Alle volte, la sfida più grande è restare umani.
Ascoltavo ieri sera, l'amico Brunetto Salvarani, riflettere sulla fragilità dell'uomo e di Dio (cfr. B. Salvarani (a cura di), La fragilità di Dio, EDB). Sulle orme del Giobbe biblico, che perde tutto e diviene un vero e proprio uomo dei dolori, e degli sfollati del terremoto del 2012 di cui Brunetto ha fatto parte, ci siamo inoltrati suoi sentieri di quella precarietà che ci spoglia e ci fa scoprire nudi, indifesi. E' il momento in cui cadono tutte le immagini false e pagane di Dio, che lo vedono come una sorta di mago a cui chiediamo la soluzione dei nostri problemi.
Mi è venuto in mente un fulmineo libretto di Paul Ricoeur, autore di poderosi testi filosofici, intitolato Il male. Una sfida per la filosofia e la teologia. In poche pagine, questo grande pensatore smonta le facili e rassicuranti risposte con cui il pensiero, laico e religioso, ha tentato di spiegare l'interrogativo del male. Le elaborazioni teoriche non reggono di fronte alla dolorosa realtà dei fatti. Ecco perché la fede cristiana non dà risposte. Gesù non ha mai dato risposte. E' stato vicino ai sofferenti, recando loro sollievo, ma non è sfuggito alla morte. E non è lecito fare della risurrezione una scappatoia.
Davvero qui vale la pena di chiedersi, con Paolo De Benedetti nei suoi ultimi scritti pubblicati, Quale Gesù? Nell'approccio cristiano alla fragilità, l'interrogativo sul nazareno è fondamentale. Anche lui è spesso imprigionato nei nostri schemi dottrinali e devozionali. Ma se "era veramente uomo", come il magistero della chiesa ha sempre ribadito, la resurrezione era oltre la sua coscienza, soprattutto nel momento della croce.
"Dio mio, Dio mio, perché mi hai abbandonato?". In certi momenti non si fanno citazioni dai Salmi, come nella redazione di un discorso a tavolino, ma salgono alla bocca le parole più urgenti. Possiamo pensare, con De Benedetti, che Gesù abbia provato pienamente questa angoscia.
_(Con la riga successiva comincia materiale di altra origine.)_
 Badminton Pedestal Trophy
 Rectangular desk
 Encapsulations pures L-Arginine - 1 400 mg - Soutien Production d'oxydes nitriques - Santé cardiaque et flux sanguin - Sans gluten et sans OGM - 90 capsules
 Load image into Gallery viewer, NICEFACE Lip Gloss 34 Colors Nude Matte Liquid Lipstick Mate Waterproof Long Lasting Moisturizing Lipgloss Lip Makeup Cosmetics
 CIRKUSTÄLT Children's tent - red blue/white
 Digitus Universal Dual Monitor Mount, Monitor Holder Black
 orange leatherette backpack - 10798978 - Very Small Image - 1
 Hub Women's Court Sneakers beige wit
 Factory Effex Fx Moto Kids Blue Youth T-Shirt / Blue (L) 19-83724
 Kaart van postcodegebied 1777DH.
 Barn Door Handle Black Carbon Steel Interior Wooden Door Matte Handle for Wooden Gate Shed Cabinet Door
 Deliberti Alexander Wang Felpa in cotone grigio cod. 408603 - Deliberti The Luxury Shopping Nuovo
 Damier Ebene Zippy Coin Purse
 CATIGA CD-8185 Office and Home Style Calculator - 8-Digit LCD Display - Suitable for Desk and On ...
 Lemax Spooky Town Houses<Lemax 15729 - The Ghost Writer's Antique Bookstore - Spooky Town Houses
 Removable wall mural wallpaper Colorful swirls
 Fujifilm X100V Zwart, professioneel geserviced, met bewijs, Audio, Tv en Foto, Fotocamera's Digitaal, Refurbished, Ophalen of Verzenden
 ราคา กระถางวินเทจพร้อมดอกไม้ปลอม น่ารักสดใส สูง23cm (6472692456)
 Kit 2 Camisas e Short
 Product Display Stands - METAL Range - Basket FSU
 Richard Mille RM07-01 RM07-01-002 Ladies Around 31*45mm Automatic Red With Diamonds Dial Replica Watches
Fino in fondo, nostro fratello.
Ecco, allora, che la fede non è soluzione a buon prezzo al male, alla nostra fragilità. E' piuttosto la forza di stare nella fragilità, quando non vediamo vie di uscita, di restare umani nel dolore. In questa lotta interiore ci è sostegno l'umanità indifesa di Gesù, il quale sulla croce ha saputo perdonare e amare.
Penso a quei musicisti, nell'inferno dei campi di sterminio, che hanno continuato a suonare e comporre fino a che ne hanno avuto la possibilità; per mantenere barlumi di luce nella marea delle tenebre.